American dogma has it that democracy and free markets are the big factors behind our long-time world domination. And maybe those protective oceans. Well, the democracy portion of that theory has always shown more flaws than we care to admit (witness Jim Crow, Florida, and Ohio), and the markets have lately been coming apart at the seams. In both cases, the finger of blame points toward greed.
Given the preeminence of voting machines these days, there are few actual ballot boxes or party-boss pockets left to stuff. This has been tough on local political leaders of both parties, but many Republican state officials have deftly taken up the slack. They’ve contrived marvelously clever schemes to disenfranchise poor voters for the benefit of the rich. Just take them off the enrollment list if they move or get convicted, require them to have a photo ID, and make them wait in long lines. Piece of cake. Business then controls the government.
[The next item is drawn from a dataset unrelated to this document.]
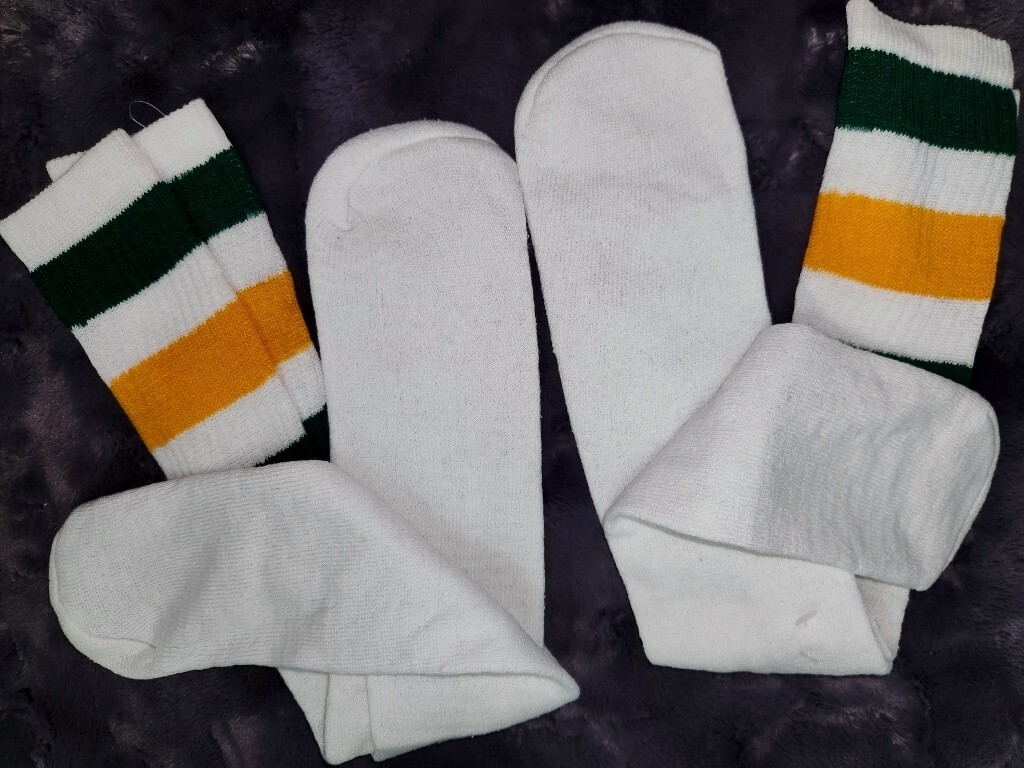 VTG 80&rsquo;s 2 Thick Stripe Tube Socks 23&Prime; long Standard Size Green Yellow White NOS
But in this last election, public rage blessedly overcame all those malevolent tricks because greed finally overplayed its hand. Real change is now at least theoretically possible for a moment, if not totally likely.
Over on the free market side of the domination theory, there seems no possibility of change at all. Greed has won -- Henry Ford is dead. Instead of CEOs making 30 to 40 times the pay of their lowest workers as in days of old, now it’s 300 to 400 times. In other words, the boss makes as much in a day as the grunt makes in a year.
A review of CEOs listed in the Standard and Poor’s 500 Index calculated their average pay last year at $8.4 million, up $280,000 in 12 months. Plus, some guys of course did much better. Larry Ellison of Oracle pulled down $84 million in ’08, nosing out John Thain of Merrill Lynch at $83 million. Yes, THAT Merrill Lynch.
Personal performance, it turns out, no longer has much bearing on pay, except maybe in sports. As all those Wall Street firms were sliding down the tubes, bonuses were flying out as if nothing had happened. Business has developed a culture of entitlement that bears little relationship to a boss’s true worth. Avarice has become a personal club, independent of company success. Success instead is measured individually by which mogul dies with the most toys.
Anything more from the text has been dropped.